Keduanya sebagai tersangka dalam kasus dugaan korupsi pengadaan fasilitas sarana budi daya pengendalian organisme pengganggu tumbuhan (OPT) atau pupuk hayati di Kementerian Pertanian pada 2013. Menurut Suswono, kuasa anggaran pengadaan pupuk hayati itu sepenuhnya di bawah naungan Hasanuddin Ibrahim. "Itu merupakan tanggung jawab dia," kata Suswono saat dihubungi Tempo, Rabu, 10 Februari 2016.
Suswono menjelaskan, kasus di atas sudah lama terjadi dan telah terendus Badan Pemeriksa Keuangan (BPK). Temuan BPK saat itu, kata Suswono, mencurigai adanya perbedaan kandungan spora dalam pupuk hayati.
Ketika lengser dari jabatan menteri, kata Suswono, rekomendasi dari BPK tidak dijalankan. "Kasus ini sebenarnya tidak sampai ke ranah hukum jika temuan BPK waktu itu segera ditindaklanjuti," katanya.
"Prosedur boleh jadi sudah benar, tapi jika memang terjadi mark up layak diproses hukum. Saya sudah mengingatkan dalam rapat, pengadaan penunjukan langsung atau tender harus tak ada kerugian negara."
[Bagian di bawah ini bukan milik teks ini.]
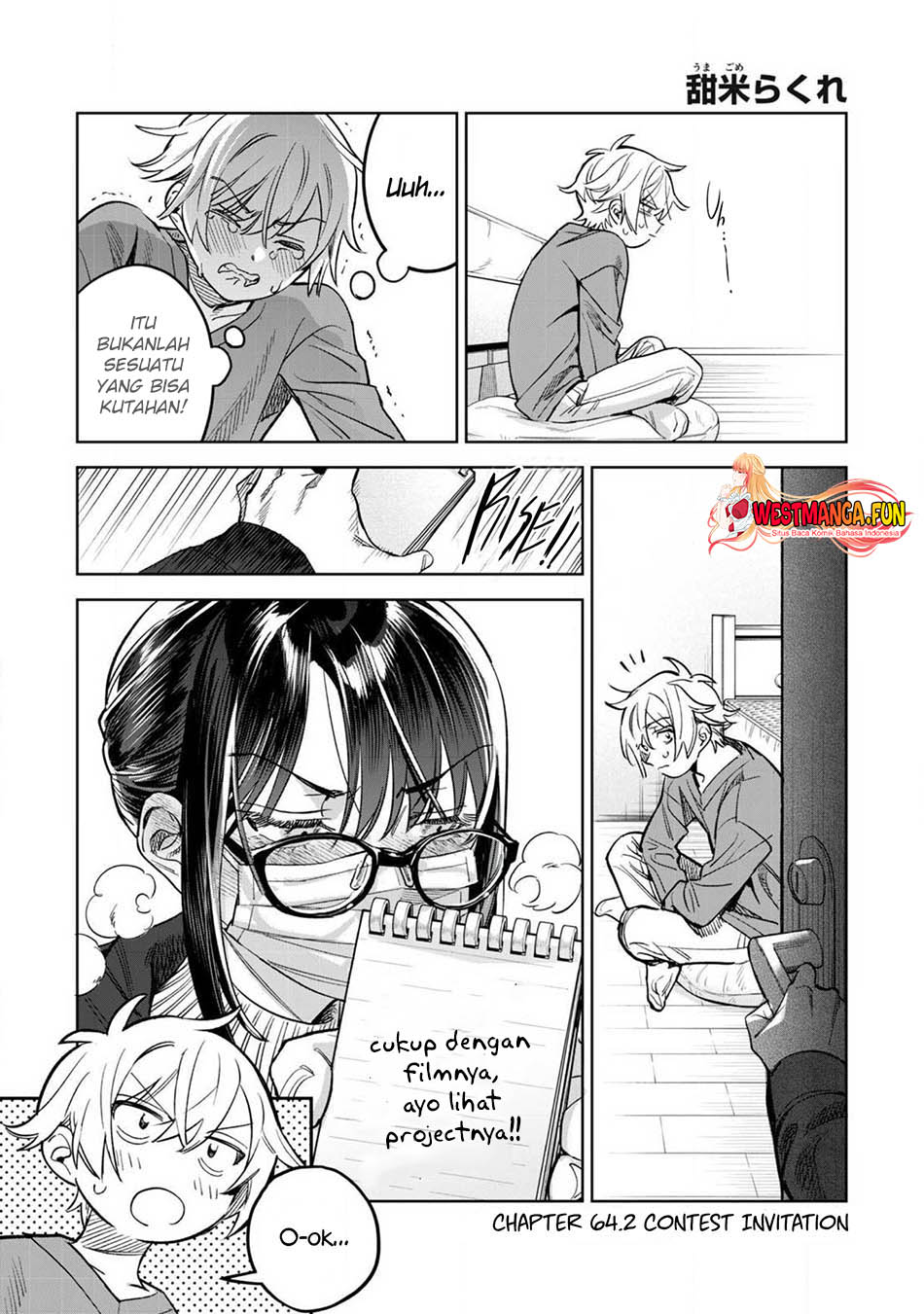 Chapter 64 - halaman 20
Selain dua pejabat dari Kementerian Pertanian, KPK juga menetapkan tersangka Eko Mardiyanto, pengusaha. “Ketiga tersangka diduga telah memperkaya diri yang menyebabkan kerugian negara,” kata pelaksana harian Kepala Biro Hubungan Masyarakat KPK, Yuyuk Andriati Iskak.
Yuyuk mengatakan kasus ini bermula dari aduan masyarakat petani sepanjang 2005-2012. Proyek ini bertujuan memberikan pupuk hayati mikro kepada masyarakat sebanyak 225 ton untuk 14 kabupaten/kota. Nilai proyek sebesar Rp 18 miliar, dan dugaan kerugian negara lebih dari Rp 10 miliar.
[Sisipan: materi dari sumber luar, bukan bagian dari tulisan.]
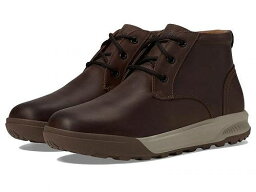 送料無料 フローシャイム Florsheim メンズ 男性用 シューズ 靴 ブーツ チャッカブーツ Trail Mix Plain Toe Chukka Boot - Brown Crazy Horse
Dugaan adanya korupsi terendus dari tidak terpenuhinya standar pupuk hayati sebagaimana diamanahkan Peraturan Menteri Pertanian Nomor 7 Tahun 2011. Dalam peraturan itu, disebutkan bahwa kandungan zat spora di bawah standar mutu yang hanya 0,1-0,3 spora per gram.
Idealnya kandungan dalam pupuk hayati itu harus minimal 10 spora per gram. Namun, ketika diberikan kepada petani, kadar yang terkandung dalam pupuk tidak memenuhi standar. “Dalam proses, ada penggelembungan harga yang tidak sesuai dengan spesifikasi pengadaan pupuk hayati itu,” kata Yuyuk.